• **Assignment**
What do the lines say, reproduced word for word, from the first of the entries below through the line bearing "8 Vacant | Lake"?
====== Source information
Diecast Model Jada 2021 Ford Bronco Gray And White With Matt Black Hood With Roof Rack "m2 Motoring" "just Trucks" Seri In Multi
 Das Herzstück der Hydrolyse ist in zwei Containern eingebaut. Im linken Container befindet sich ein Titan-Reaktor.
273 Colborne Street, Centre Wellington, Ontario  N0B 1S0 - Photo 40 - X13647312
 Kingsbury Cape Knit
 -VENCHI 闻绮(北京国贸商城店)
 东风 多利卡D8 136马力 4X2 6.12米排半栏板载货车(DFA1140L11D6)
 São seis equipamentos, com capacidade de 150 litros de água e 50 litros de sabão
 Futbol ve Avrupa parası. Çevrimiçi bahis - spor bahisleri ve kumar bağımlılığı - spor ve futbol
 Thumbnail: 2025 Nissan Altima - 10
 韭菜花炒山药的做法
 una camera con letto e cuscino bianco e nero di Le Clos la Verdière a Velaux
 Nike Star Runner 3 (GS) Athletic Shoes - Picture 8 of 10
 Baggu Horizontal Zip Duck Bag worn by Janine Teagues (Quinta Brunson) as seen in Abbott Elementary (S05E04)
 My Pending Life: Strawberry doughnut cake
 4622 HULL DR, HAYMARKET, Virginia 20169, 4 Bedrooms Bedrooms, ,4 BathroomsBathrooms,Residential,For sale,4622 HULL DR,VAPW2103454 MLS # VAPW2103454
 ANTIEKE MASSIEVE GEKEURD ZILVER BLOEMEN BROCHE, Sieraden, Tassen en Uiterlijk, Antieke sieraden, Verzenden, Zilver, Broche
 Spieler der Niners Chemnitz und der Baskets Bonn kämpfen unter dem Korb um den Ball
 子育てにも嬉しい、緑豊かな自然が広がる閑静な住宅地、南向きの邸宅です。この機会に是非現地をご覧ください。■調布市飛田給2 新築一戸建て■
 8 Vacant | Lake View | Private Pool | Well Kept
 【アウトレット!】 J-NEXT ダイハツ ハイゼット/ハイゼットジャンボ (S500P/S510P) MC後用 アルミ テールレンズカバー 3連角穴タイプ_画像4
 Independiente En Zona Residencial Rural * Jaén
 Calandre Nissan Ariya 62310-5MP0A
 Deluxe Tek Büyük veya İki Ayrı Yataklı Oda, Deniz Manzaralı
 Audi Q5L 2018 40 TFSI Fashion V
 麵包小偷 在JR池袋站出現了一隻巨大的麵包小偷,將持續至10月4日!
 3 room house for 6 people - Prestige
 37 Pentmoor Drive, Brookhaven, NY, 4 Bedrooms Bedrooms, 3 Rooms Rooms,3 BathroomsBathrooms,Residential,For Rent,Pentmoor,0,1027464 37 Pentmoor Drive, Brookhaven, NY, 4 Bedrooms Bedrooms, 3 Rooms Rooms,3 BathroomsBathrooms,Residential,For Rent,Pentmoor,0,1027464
============
• **Task result**
Diecast Model Jada 2021 Ford Bronco Gray And White With Matt Black Hood With Roof Rack "m2 Motoring" "just Trucks" Seri In Multi
 Das Herzstück der Hydrolyse ist in zwei Containern eingebaut. Im linken Container befindet sich ein Titan-Reaktor.
273 Colborne Street, Centre Wellington, Ontario  N0B 1S0 - Photo 40 - X13647312
 Kingsbury Cape Knit
 -VENCHI 闻绮(北京国贸商城店)
 东风 多利卡D8 136马力 4X2 6.12米排半栏板载货车(DFA1140L11D6)
 São seis equipamentos, com capacidade de 150 litros de água e 50 litros de sabão
 Futbol ve Avrupa parası. Çevrimiçi bahis - spor bahisleri ve kumar bağımlılığı - spor ve futbol
 Thumbnail: 2025 Nissan Altima - 10
 韭菜花炒山药的做法
 una camera con letto e cuscino bianco e nero di Le Clos la Verdière a Velaux
 Nike Star Runner 3 (GS) Athletic Shoes - Picture 8 of 10
 Baggu Horizontal Zip Duck Bag worn by Janine Teagues (Quinta Brunson) as seen in Abbott Elementary (S05E04)
 My Pending Life: Strawberry doughnut cake
 4622 HULL DR, HAYMARKET, Virginia 20169, 4 Bedrooms Bedrooms, ,4 BathroomsBathrooms,Residential,For sale,4622 HULL DR,VAPW2103454 MLS # VAPW2103454
 ANTIEKE MASSIEVE GEKEURD ZILVER BLOEMEN BROCHE, Sieraden, Tassen en Uiterlijk, Antieke sieraden, Verzenden, Zilver, Broche
 Spieler der Niners Chemnitz und der Baskets Bonn kämpfen unter dem Korb um den Ball
 子育てにも嬉しい、緑豊かな自然が広がる閑静な住宅地、南向きの邸宅です。この機会に是非現地をご覧ください。■調布市飛田給2 新築一戸建て■
 8 Vacant | Lake View | Private Pool | Well Kept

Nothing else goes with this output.